Where I Wanna Be
Donell Jones。
優れたライティング能力と企画力でアッシャーやマドンナ等に楽曲を提供している。
要は作詞、作曲で名を知られていたアーティストだ。
だが、この2枚目の『Where I Wanna Be』でシンガーとしての地位を確立したといってもいい。
『Where I Wanna Be』は、↑のような解説を見て書いたような文章を納得せしめるだけのクオリティがあった。
評判が良かったので期待はしていたが、まさかこれほどとは思わなかった。。。
曲調はアッパーな曲調とは異なるミディアム〜スロー(解説曰く)。
「Donellの声自体にメロディがある」と言う共作者のエディ・Fの言う通り、ゆったりとしたリズムにDonellの声が重なるとそれだけで至福の気分が味わえる。

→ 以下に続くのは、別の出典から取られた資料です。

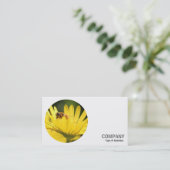 ラウンドフォト忙し- Bee 名刺 (スタンド正面)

官能的と言えばいいのか、その歌い口にはただただ聞き惚れるばかりだ。
美しい。
思わずそう感嘆せざるを得ない。
ここ最近下らない戯言を多く耳にしていて、うんざりすることしきりだった。
そんな中、本物のアーティストと出会えたことは本当に嬉しく思う。
“癒し”だとか、
“まったり”だとか、そんな言葉を音楽に求めるものがいたなら、黙ってDonell Jonesの存在を教えてあげればいい。
どの曲も素晴らしいが、中でも無性に惹かれたのが
#5『This Luv』。
僕の脳の言語野は欠陥品故、衝撃的な音楽に出会った際には、ただ「凄みがある」だの「美しい」等の言葉しか浮かばない。
今回の衝撃、衝動を無理やり言葉にすれば、
「優しさだとか、思いやりだとか、そんな成分は一切含有されることなく、ただただ容赦なく心を揺さぶられた」
となる。
#3『Where I Wanna Be』も#1『U Know What's Up』も#6『All Her Luve』
も#8『Think About It (Don't Call My Crib)』も他の全ての曲も皆素晴らしいが、この#5『This Luv』は特別だ。
『This Luv』にしか感じ得ない、僕が以前Smashing Pumpkinsの『Adore』から受けた“何か”に共通する“何か”を感じる。
心が震えるのだ。
間違いなく。
その“喜び”ともいうべき“震え”には、気を許せば涙しそうになる。
思わず僕という存在の輪郭が歪んでいってしまいそうな、そんな感覚さえ持ってしまうのだ。
既出のエディ・Fは曰く、Donellを“ゲットーの詩人”と称しているが、この『This Luv』のメロディを聴きながら、
この愛は君だけのため
だから拒まないで、きっと後まで後悔する
という歌詞を思うと、それだけで最高の気分になれるだろう。
まぁ、実際は、女を抱きたいためだけに口説こうとしている男の歌なのだけれども。
実はこの『Where I Wanna Be』以外に、同じくDonell Jonesの『Life Goes On』、D'angeloの『VOODOO』、Brian Mcnightの『U Turn』も借りてます。
どれも素晴らしい作品なので、またご紹介するかもです。